Lismer exhibited sixteen of his works in his first Group of Seven show at the Art Gallery of Ontario in 1920. In 1922 he completed ‘’Isles of Spruce’’ from a sketch made at Sand Lake, Algoma in 1921. A reproduction of this work was made by Sampson-Matthews of Toronto, and in 1970, the Canadian Post Office Department issued a six cent stamp featuring this work to commemorate the 50th anniversary of the founding of the Group of Seven. The stamp was reproduced by Ashton-Potter Ltd. of Toronto in 36, 000, 000 copies. Lismer did hundreds of sketches and drawings on his trips to Georgian Bay, Algoma, the Maritimes and around Toronto.

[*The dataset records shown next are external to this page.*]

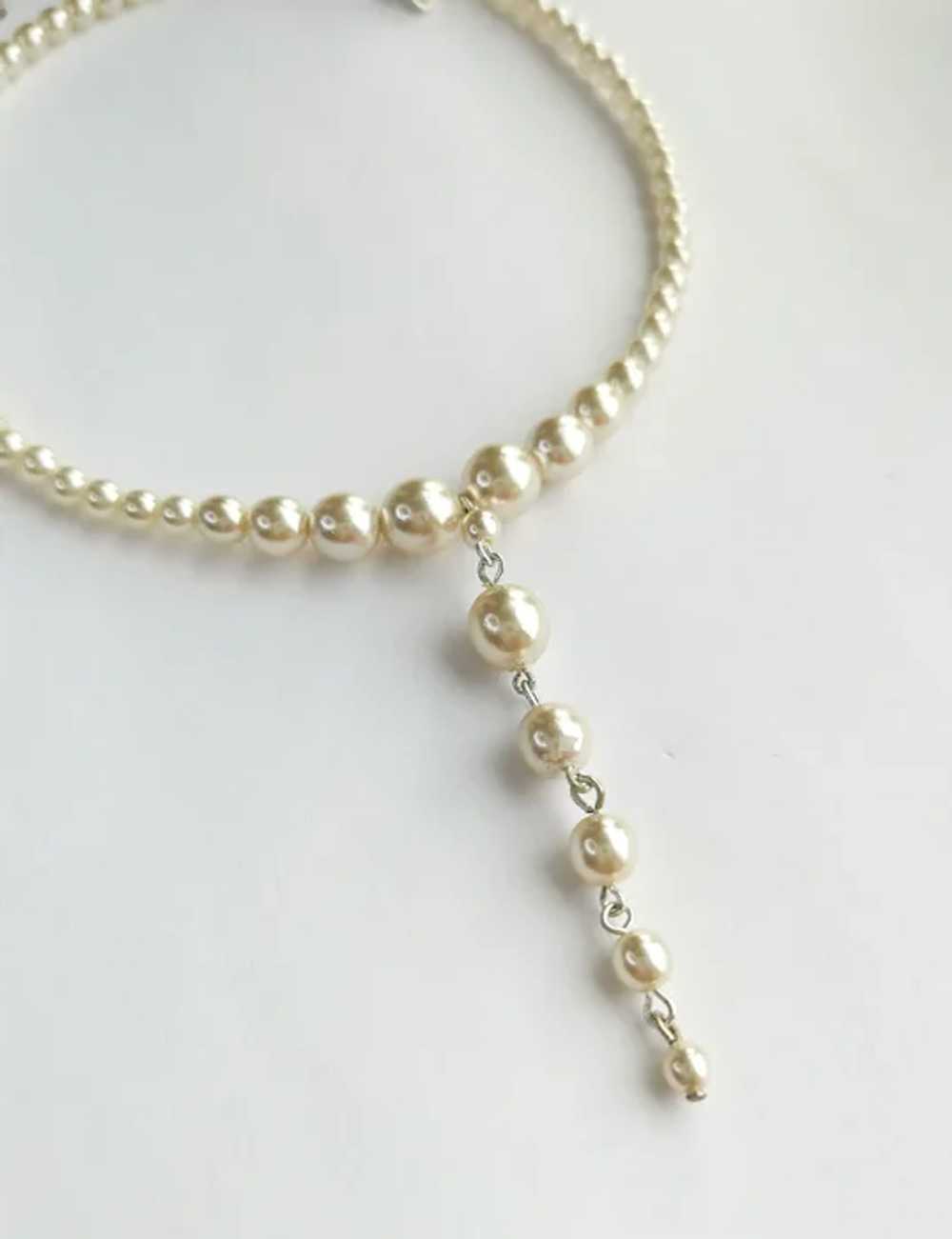 Vintage Czech Cream Faux Pearl "Y" Necklace - image 4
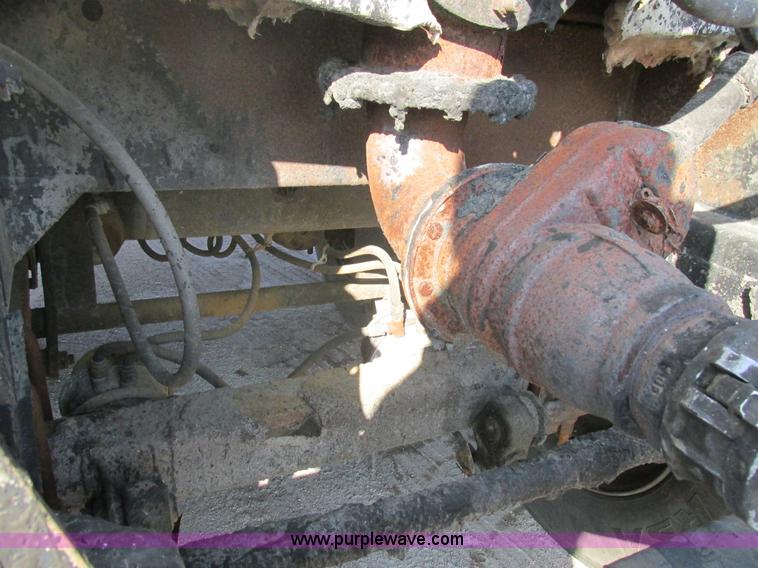 image for item AW9803 1970 Fruehauf insulated tanker trailer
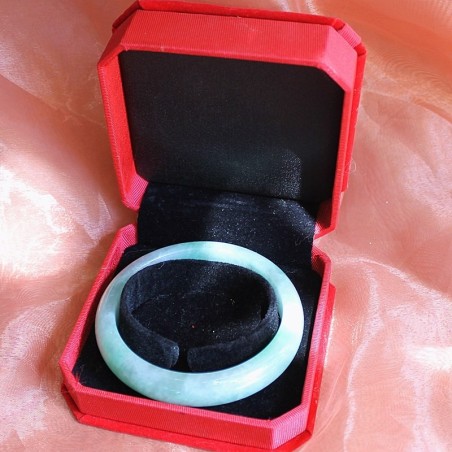 Bracelet en jade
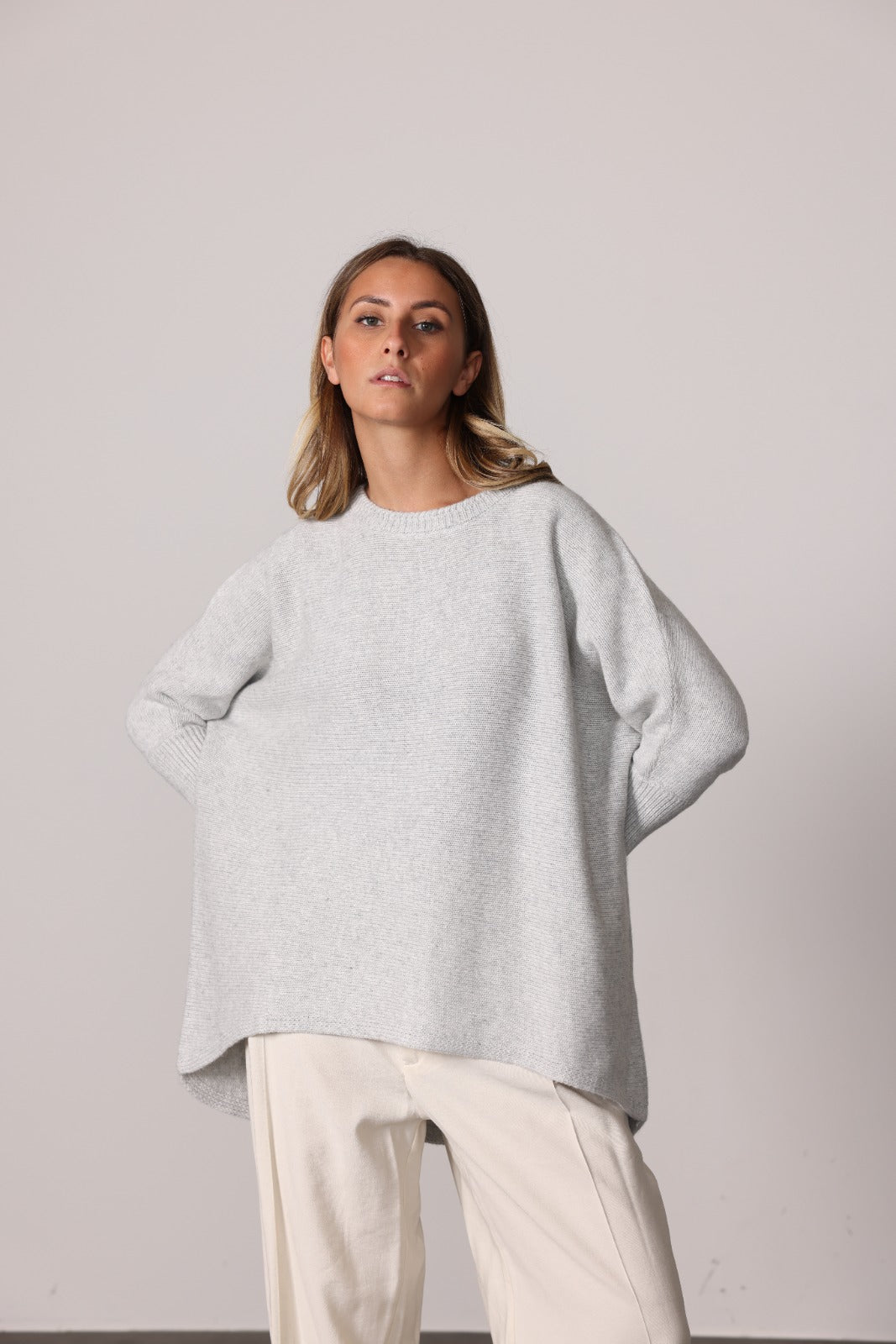 48100 - Crew neck poncho 3/4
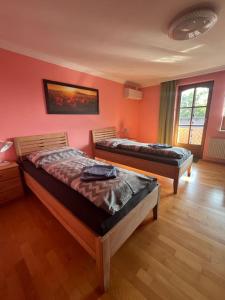 Posteľ alebo postele v izbe v ubytovaní Apartment Elena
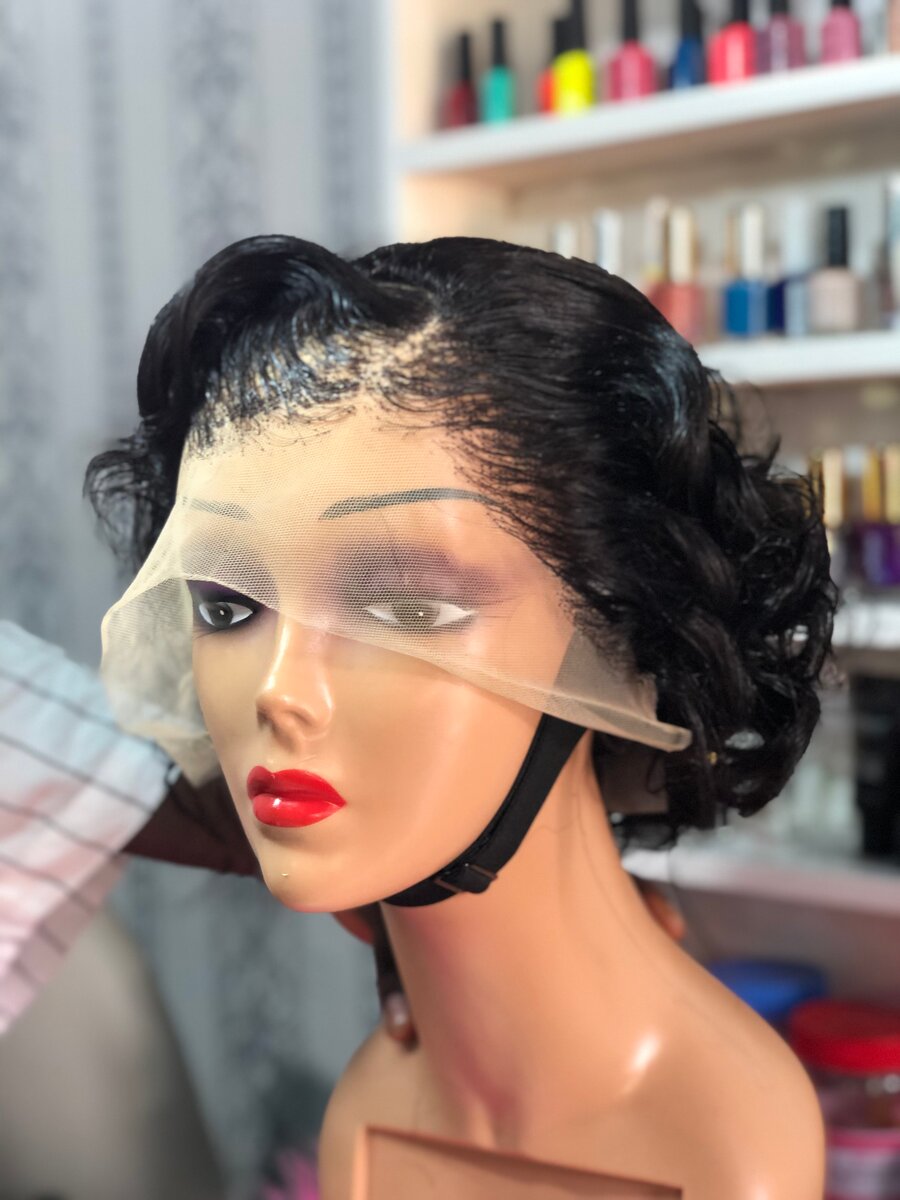 Perruque en dentelle bouclée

During these years he continued to teach at the Ontario College of Art but unable to implement all his teaching methods and concepts of discipline, he resigned as vice-principal of the College in 1927 although he continued with his duties as principal of the College’s summer school. The same year he was offered and accepted a post of educational supervisor of the Art Gallery of Toronto. In this capacity he was able to implement ideas on child and adult art education which he had begun to develop in Halifax. Later the Art Centre for Children was initiated. His responsibilities also required him to give informal gallery talks to thousands of visitors, study groups and members of the Gallery; classes for teachers from public and private schools and the setting up of reading and reference room facilities.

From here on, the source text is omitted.